In the midst of Trump’s word diarrhea yesterday around everything from NAFTA (I feel like I should write about this but of course Trump doesn’t even understand what NAFTA is) to the 9th Circuit, he dropped something that is genuinely pretty concerning, and that’s potentially getting rid of the recent national monuments in the West created not only by Obama but also by Clinton.

The Antiquities Act of 1906 gives the president of the United States the power to designate lands and waters for permanent protection. Almost every president since Teddy Roosevelt has used the Act to place extraordinary archaeological, historic and natural sites under protection and out of reach of commercial exploitation.

Many sites originally designated as national monuments were later upgraded by Congress to become national parks, including Bryce Canyon, Saguaro and Death Valley. In many cases in the past, the Antiquities Act allowed presidents to protect vital natural and cultural resources when congressional leaders, often compromised by their ties to special interests representing coal, oil, timber and mining industries, were reluctant or unwilling to act.

A new Executive Order signed by President Trump on April 26th, 2017 puts this important regulatory tool for conservation and historic preservation at risk. The clear intention of the Executive Order is to lay the groundwork for shrinking national monuments or rescinding their designation entirely, in order to open currently protected public lands for untrammeled growth in coal, oil and minerals extraction.

The Executive Order requires the Secretary of the Interior to review all presidential designations since 1996 of national monuments over 100,000 acres in size. However, in the short-term it appears particularly aimed at reversing designations or reducing the size of Grand Staircase-Escalante and Bears Ears national monuments, which together comprise 3.23 million acres in Utah.

Remarkably, in its own press statement, the Department of the Interior (the federal agency responsible for managing and protecting our public lands) tips its hand and signals that it has no intention of undertaking a fair and independent review by describing Grand Staircase-Escalante and Bears Ears as the “bookends of modern Antiquities Act overreach”.

An attack on the Antiquities Act is an attack on all monuments and has huge implications for future presidents’ ability to protect important sites in the future.
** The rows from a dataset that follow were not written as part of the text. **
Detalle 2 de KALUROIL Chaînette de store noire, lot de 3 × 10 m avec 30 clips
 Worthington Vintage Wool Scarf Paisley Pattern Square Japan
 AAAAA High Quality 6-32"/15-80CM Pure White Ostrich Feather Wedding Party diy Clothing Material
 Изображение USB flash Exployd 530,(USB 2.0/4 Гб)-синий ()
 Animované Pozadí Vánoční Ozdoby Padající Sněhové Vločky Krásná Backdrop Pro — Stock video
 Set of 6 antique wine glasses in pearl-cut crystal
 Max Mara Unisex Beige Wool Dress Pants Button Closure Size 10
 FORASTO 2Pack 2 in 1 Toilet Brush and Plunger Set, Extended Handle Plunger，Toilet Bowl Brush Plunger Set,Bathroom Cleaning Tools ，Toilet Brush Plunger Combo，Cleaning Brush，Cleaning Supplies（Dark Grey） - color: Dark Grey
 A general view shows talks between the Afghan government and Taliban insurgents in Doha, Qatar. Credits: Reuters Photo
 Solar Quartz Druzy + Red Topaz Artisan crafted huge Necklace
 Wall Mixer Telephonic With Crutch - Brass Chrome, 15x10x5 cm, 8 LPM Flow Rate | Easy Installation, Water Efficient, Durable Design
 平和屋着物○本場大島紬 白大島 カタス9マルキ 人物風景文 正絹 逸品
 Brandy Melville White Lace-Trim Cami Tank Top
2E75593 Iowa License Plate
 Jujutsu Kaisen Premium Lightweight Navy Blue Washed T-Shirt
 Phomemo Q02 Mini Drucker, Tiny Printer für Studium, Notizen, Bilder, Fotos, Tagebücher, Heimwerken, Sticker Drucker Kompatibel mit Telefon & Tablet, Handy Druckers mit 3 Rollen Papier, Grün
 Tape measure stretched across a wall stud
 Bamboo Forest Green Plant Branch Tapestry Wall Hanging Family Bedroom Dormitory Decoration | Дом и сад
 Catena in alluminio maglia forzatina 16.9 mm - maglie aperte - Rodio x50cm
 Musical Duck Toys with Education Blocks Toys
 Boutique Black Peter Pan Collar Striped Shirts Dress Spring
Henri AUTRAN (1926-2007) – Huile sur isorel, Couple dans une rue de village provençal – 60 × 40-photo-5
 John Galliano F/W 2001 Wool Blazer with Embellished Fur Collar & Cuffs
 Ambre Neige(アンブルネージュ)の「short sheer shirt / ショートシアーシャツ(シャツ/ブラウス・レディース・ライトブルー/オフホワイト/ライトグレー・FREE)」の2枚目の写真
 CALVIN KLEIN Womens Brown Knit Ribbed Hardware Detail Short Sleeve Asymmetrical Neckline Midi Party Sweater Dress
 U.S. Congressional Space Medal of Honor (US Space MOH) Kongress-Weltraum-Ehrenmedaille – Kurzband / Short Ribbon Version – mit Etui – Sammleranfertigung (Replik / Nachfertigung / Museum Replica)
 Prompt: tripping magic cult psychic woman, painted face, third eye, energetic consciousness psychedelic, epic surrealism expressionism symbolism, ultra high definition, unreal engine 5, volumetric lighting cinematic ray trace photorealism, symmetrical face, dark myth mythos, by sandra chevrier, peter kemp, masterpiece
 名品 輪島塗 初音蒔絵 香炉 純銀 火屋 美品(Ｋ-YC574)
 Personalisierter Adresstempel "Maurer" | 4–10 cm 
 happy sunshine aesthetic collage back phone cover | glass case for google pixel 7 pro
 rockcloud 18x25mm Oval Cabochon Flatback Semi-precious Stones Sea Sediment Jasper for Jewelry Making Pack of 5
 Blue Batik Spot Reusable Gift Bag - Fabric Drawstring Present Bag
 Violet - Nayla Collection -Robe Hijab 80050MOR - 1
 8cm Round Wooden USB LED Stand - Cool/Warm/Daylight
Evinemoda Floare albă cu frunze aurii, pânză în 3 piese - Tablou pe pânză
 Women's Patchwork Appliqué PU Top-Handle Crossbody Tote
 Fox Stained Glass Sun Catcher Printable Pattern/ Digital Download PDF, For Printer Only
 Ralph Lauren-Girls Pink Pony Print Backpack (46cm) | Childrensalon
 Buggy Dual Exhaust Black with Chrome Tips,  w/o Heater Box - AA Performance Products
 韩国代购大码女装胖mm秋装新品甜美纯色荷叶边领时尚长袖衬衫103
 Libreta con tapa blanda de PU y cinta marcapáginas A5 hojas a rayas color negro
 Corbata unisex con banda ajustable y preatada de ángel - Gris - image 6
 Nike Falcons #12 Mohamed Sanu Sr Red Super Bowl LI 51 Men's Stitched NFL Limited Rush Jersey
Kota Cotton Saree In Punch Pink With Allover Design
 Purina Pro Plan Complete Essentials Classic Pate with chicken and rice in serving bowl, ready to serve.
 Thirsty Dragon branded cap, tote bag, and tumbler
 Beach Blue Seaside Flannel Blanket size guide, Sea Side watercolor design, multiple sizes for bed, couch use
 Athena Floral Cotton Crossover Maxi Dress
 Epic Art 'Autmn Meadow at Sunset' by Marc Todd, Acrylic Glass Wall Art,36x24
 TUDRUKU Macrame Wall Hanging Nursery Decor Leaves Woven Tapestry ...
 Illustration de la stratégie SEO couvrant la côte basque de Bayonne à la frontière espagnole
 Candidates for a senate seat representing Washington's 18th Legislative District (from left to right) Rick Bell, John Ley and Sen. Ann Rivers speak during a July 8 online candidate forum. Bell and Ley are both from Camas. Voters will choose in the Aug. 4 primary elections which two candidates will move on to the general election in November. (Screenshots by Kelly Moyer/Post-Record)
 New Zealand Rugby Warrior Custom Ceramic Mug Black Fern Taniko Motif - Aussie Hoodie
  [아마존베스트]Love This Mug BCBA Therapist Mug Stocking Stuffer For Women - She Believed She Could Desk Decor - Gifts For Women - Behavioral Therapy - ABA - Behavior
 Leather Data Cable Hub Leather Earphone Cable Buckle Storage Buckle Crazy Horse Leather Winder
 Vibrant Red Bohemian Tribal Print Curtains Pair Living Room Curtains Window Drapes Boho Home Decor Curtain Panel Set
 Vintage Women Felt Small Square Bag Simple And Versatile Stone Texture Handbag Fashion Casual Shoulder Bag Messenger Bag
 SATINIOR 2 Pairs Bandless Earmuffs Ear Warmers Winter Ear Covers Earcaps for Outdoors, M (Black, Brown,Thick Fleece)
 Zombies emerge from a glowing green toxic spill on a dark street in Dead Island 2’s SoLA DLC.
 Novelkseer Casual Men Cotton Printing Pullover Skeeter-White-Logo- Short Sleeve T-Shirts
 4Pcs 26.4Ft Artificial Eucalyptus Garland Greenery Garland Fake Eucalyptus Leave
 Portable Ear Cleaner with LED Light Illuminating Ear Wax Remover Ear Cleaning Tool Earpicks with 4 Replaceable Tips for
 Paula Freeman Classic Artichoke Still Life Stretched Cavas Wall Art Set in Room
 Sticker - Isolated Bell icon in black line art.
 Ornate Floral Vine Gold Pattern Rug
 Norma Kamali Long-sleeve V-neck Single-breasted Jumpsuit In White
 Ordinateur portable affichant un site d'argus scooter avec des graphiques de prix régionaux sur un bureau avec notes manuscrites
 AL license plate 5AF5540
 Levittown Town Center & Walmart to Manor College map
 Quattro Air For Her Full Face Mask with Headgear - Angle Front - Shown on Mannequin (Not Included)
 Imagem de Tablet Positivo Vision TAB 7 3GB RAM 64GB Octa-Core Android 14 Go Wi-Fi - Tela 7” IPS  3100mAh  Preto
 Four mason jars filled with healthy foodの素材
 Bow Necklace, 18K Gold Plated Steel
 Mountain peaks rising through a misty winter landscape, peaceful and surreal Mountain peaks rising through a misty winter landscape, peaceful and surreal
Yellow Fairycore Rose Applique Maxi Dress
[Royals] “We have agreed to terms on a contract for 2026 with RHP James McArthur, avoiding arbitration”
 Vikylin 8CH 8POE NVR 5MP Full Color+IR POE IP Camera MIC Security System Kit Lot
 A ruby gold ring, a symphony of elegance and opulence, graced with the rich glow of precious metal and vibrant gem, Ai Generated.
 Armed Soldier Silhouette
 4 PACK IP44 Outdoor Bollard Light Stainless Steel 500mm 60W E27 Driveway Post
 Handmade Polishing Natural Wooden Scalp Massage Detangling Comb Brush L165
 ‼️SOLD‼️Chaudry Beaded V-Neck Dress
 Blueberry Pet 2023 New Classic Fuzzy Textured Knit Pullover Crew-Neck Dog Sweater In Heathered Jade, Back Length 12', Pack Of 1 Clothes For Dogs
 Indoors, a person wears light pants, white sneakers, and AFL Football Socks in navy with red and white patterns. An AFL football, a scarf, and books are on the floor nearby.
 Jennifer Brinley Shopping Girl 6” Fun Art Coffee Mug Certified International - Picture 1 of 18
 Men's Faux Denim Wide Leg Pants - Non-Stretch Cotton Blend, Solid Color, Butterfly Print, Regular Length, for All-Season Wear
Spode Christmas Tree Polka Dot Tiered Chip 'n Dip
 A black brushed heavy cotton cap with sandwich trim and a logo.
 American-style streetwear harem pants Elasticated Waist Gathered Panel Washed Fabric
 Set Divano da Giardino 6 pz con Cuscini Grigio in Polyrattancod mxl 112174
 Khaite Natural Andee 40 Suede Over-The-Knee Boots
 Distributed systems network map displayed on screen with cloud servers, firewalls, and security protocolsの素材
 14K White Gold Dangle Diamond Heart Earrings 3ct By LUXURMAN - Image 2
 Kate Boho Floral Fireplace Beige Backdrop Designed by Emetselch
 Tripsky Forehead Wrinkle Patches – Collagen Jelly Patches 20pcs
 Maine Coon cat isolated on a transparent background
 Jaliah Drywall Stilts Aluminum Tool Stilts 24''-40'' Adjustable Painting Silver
Now, like all of Trump’s executive orders, which seems to be his preferred method of governing as he can sign something and then hold it up for the cameras, it’s really unclear what this means. It’s not clear if he has the authority to repeal or reduce national monuments unilaterally. But the Antiquities Act does allow the president to create national monuments unilaterally, so long as the land is federally owned. I am sure that there will lawsuits over a president’s ability to reduce monuments and I don’t know what will happen. But this is extremely alarming for those of us who care about western public lands.

Also, this is one of the issues that would have happened more or less the same way with any Republican. Bundyism is a central tenet of western Republicanism today. Trump might as well have named Cliven Bundy as Secretary of the Interior instead of Ryan Zinke, plus it would have saved me the indignity of having a former Oregon football player in the position.